# Need help with names



## magerz (Sep 24, 2013)

I need help with names with my new goat and her baby that will be raving in December or January when she is born


----------



## Goats Rock (Jun 20, 2011)

You'll have to look at them and see what name looks good on them! Some people use themes, like names of flowers,
Lily, Rose, Daisy, etc. or start with the alphabet and name this years goats all A's, Amber, Annie, Alice etc, 
If you have registered goats, the first part will be the farm name, then whatever you want after that. (up to a total of 30 letters for ADGA)
You'll think of something! Make it easy so they can recognize their own names!


----------



## magerz (Sep 24, 2013)

Goats Rock said:


> You'll have to look at them and see what name looks good on them! Some people use themes, like names of flowers,
> Lily, Rose, Daisy, etc. or start with the alphabet and name this years goats all A's, Amber, Annie, Alice etc,
> If you have registered goats, the first part will be the farm name, then whatever you want after that. (up to a total of 30 letters for ADGA)
> You'll think of something!
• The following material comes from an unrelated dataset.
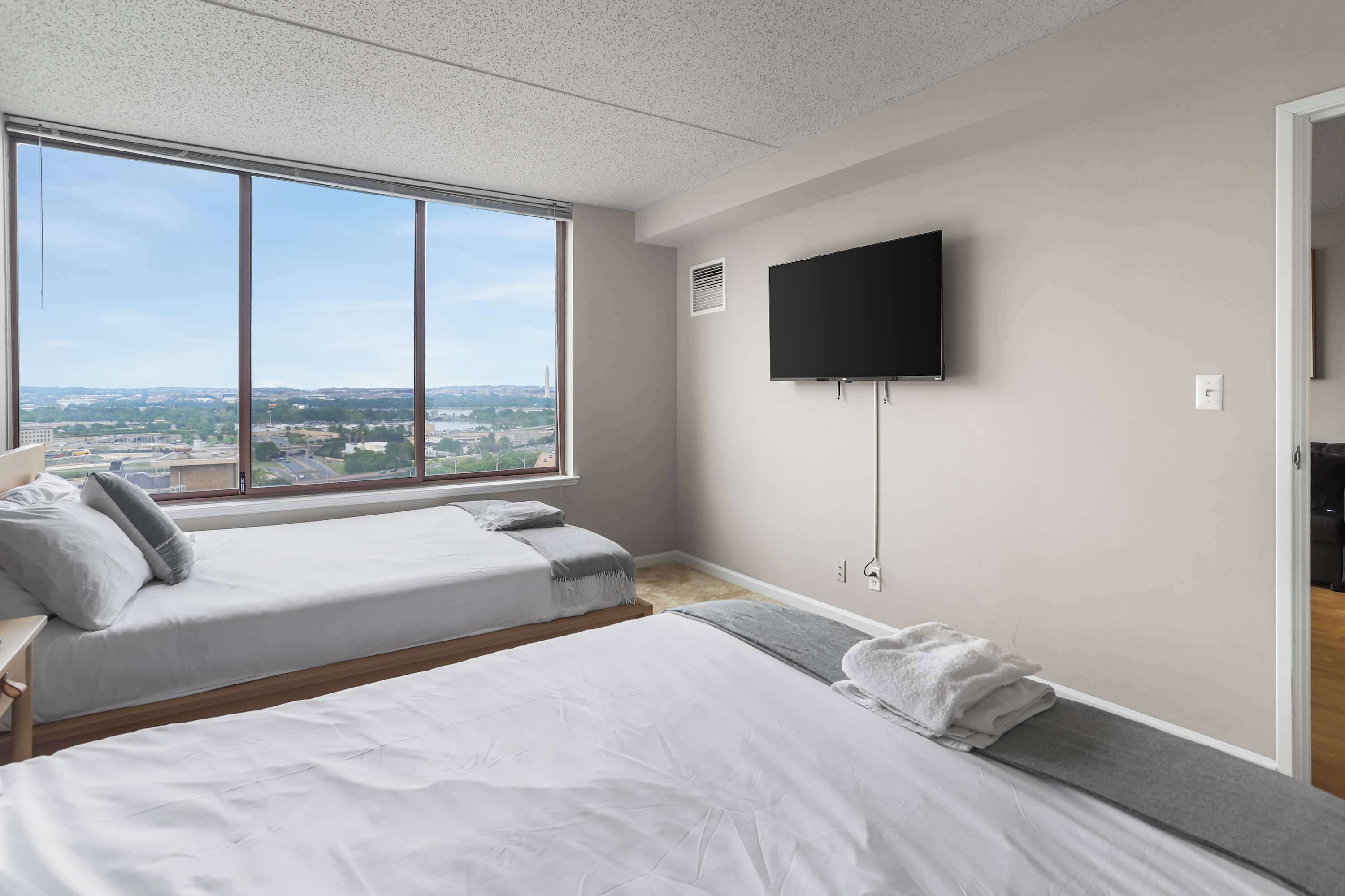 A modern hotel room with two beds, a large window, a flat-screen TV, and a city view.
Make it easy so they can recognize their own names!


K thank you that will help


----------



## J.O.Y. Farm (Jan 10, 2012)

We have plenty of threads talking about names and such  maybe try searching at the top for them


----------



## magerz (Sep 24, 2013)

J.O.Y. Farm said:


> We have plenty of threads talking about names and such  maybe try searching at the top for them


K thanks that may help


----------